Federica Fainelli is an LL.M. candidate in the International Business Regulation, Litigation & Arbitration program at the NYU School of Law.

[1] I.e., judgment issued by courts outside of Italy and the European Union.

[2] Cass. 16601/2017.

[3] See, inter alia: Cass. 1781/2012.

[4] This statement is made mostly on a twofold basis: a number of recently introduced Italian legal provisions that now clearly provide the right to recover damages aiming at deterring and sanctioning; some recent findings by the Constitutional Court.

[5] Exxon Shipping Co. v. Baker, 554 U.S. 471 (2008).

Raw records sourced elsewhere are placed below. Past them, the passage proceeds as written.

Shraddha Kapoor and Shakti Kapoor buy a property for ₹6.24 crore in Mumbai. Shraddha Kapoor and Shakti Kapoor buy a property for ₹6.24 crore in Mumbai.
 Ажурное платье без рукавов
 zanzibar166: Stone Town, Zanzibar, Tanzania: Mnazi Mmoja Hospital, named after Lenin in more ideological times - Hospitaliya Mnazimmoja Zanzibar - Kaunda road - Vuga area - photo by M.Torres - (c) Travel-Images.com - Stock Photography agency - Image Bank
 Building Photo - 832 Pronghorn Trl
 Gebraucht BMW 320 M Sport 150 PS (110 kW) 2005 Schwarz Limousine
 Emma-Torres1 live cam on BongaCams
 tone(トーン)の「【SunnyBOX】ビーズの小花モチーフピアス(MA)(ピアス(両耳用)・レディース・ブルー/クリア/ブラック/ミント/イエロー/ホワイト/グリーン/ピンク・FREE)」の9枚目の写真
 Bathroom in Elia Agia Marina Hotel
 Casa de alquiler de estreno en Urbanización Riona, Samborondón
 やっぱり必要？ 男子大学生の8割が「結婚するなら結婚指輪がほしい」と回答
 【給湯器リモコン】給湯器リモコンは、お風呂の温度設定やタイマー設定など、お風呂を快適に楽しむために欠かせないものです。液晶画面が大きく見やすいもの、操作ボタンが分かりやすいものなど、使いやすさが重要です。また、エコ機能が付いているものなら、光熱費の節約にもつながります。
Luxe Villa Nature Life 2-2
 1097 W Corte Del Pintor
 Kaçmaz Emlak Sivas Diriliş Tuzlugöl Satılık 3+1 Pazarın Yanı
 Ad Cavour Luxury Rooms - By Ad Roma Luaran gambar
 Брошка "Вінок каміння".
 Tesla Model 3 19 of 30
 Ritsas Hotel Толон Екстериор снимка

[6] See, e.g., Va. Code Ann. § 8.01-38.1 (Lexis 2007) ($ 350,000 cap).

[7] See, e.g., Ohio Rev. Code Ann. § 2315.21(D)(2)(a) (Lexis 2005) (2:1 ratio in most tort cases).

[8] Seee.g., Alaska Stat. § 09.17.020(f) (2006) (greater of 3:1 ratio or $ 500,000 in most actions).

[9] Exxon, 554 U.S. at 490-497.

[10] Exxon, 554 U.S. at 502.

[11] Exxon, 554 U.S. at 503-508.

[12] Exxon, 554 U.S. at 503-508.

[13] Area in which the Supreme Court of the United States has given original jurisdiction by the US Constitution.

[14] Ibidem. Due Process Clause is the Fourteenth Amendment of the US Constitution and sets for principles of fairness and notice.

[15] Exxon, 554 U.S. at 501-502.

[16] Three guideposts, the so called “Gore factors”.

[17] Reprehensibility of the harmful conduct should be determined considering whether: the harm caused was physical as opposed to economic; the tortious conduct evinced an indifference to or a reckless disregard for the health or safety of others; the target of the conduct was financially vulnerable; the conduct involved repeated actions or was an isolated incident; and the harm was the result of intentional malice, trickery, deceit, or mere accident. BMW v. Gore, 517 U.S. 559, 576-577 (1996).

[18] BMW v. Gore, 517 U.S. 559, 575 (1996).

[19] BMW, 517 U.S. at 582.

[20] State Farm v. Campbell, 538 U.S. 408, 424-425 (2003).

[21] State Farm, 538 U.S. at 424-425.

[22] See Franco Ferrari, Il riconoscimento delle sentenze straniere sui danni punitivi. Brevi cenni comparatistici all’indomani della pronunzia italiana del 5 luglio 2017, 1 Rivista di Diritto Civile [R.D.C.] 280 (2018) (It.).

[23] Exxon, 554 U.S. at 525-526 (Breyer, J., concurring).

[24] State Farm, 538 U.S. at 425.

[25] Exxon, 554 U.S. at 525-526 (Breyer, J., concurring).

[26] State Farm, 538 U.S. at 424-425.

[27] Exxon, 554 U.S. at 525-526 (Breyer, J., concurring).